### [DATASET ENTRIES]
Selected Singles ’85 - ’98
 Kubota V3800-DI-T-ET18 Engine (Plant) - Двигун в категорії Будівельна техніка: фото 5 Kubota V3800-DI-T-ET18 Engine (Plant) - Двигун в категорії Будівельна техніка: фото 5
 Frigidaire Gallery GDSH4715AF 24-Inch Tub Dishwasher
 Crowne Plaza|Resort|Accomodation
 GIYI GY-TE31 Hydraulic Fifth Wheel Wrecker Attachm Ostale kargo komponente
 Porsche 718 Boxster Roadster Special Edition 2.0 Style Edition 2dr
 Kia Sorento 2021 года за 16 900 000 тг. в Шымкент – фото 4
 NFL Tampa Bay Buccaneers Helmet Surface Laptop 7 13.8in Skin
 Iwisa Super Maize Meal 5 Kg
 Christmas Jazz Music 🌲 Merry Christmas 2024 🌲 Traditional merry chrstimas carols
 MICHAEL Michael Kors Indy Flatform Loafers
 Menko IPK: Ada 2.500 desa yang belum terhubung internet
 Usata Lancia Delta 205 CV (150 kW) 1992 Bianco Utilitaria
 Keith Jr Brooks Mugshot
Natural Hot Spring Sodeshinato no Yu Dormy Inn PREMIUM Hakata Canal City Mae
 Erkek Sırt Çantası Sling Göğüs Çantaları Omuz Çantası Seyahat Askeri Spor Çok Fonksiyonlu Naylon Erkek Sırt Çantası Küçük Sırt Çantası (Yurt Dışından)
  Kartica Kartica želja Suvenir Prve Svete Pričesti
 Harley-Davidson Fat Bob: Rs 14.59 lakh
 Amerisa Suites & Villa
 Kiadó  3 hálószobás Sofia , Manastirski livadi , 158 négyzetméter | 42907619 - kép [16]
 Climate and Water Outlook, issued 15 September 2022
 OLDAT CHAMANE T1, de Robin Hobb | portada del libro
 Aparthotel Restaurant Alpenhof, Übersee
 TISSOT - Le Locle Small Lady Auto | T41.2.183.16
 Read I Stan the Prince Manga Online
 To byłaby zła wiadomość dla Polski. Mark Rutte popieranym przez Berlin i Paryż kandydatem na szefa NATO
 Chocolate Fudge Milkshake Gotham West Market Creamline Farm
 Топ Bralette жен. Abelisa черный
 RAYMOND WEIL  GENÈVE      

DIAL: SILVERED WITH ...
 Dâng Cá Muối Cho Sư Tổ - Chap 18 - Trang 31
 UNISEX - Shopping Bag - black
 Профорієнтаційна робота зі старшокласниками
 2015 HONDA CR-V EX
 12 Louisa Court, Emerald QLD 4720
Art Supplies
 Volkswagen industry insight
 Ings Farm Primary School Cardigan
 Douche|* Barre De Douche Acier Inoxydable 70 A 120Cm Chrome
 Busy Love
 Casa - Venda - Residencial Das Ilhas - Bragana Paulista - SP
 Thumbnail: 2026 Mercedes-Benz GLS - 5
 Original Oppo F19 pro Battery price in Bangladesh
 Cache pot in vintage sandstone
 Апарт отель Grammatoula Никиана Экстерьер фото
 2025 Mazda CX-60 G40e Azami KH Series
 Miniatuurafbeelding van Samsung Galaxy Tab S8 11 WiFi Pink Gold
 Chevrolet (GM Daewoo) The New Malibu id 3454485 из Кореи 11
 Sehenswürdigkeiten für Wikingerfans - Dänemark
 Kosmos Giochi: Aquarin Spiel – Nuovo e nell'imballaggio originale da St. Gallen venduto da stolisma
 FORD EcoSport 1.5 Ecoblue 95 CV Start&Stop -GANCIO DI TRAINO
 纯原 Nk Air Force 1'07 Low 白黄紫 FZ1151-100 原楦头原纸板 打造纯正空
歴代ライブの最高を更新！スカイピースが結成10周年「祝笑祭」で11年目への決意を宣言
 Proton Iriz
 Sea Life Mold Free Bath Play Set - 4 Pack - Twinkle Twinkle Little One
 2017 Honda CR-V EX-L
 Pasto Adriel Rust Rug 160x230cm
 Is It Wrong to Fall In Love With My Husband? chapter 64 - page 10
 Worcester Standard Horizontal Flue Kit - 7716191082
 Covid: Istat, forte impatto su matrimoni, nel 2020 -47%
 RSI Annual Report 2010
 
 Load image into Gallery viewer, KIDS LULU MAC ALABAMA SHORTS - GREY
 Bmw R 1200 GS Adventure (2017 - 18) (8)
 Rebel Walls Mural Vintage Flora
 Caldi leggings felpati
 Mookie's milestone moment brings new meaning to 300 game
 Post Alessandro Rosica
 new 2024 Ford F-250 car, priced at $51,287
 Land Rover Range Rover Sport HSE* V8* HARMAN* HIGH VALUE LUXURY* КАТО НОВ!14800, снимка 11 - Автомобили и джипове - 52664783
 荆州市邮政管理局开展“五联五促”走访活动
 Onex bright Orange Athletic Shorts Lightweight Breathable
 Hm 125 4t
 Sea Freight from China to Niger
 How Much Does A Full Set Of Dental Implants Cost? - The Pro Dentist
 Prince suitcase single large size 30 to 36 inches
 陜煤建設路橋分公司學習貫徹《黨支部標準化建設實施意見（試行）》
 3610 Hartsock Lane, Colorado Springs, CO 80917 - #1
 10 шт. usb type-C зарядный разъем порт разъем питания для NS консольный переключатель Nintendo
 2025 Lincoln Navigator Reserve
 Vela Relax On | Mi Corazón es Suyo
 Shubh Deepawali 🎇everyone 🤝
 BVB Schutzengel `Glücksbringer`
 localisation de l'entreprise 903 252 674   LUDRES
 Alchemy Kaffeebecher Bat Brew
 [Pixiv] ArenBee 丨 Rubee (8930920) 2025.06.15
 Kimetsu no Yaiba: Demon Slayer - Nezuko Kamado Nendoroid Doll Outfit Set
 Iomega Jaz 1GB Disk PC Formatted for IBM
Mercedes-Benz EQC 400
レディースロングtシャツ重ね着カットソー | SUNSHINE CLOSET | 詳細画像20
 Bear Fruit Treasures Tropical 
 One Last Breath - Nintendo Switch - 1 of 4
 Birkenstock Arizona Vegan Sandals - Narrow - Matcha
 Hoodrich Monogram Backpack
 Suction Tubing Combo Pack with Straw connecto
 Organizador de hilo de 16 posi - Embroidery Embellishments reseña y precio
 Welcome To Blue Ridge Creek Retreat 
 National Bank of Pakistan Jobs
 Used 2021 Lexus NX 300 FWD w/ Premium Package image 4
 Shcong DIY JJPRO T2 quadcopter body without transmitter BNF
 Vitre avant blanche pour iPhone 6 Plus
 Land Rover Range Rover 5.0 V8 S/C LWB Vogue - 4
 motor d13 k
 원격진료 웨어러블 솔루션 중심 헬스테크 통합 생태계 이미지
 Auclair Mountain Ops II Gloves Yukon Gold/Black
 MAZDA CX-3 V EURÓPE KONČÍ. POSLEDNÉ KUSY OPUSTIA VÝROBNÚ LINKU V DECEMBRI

### [WORK ITEM]
From the entries above, show each line that includes the string "Nintendo".

### [REPLY TO THE TASK]
 10 шт. usb type-C зарядный разъем порт разъем питания для NS консольный переключатель Nintendo
 One Last Breath - Nintendo Switch - 1 of 4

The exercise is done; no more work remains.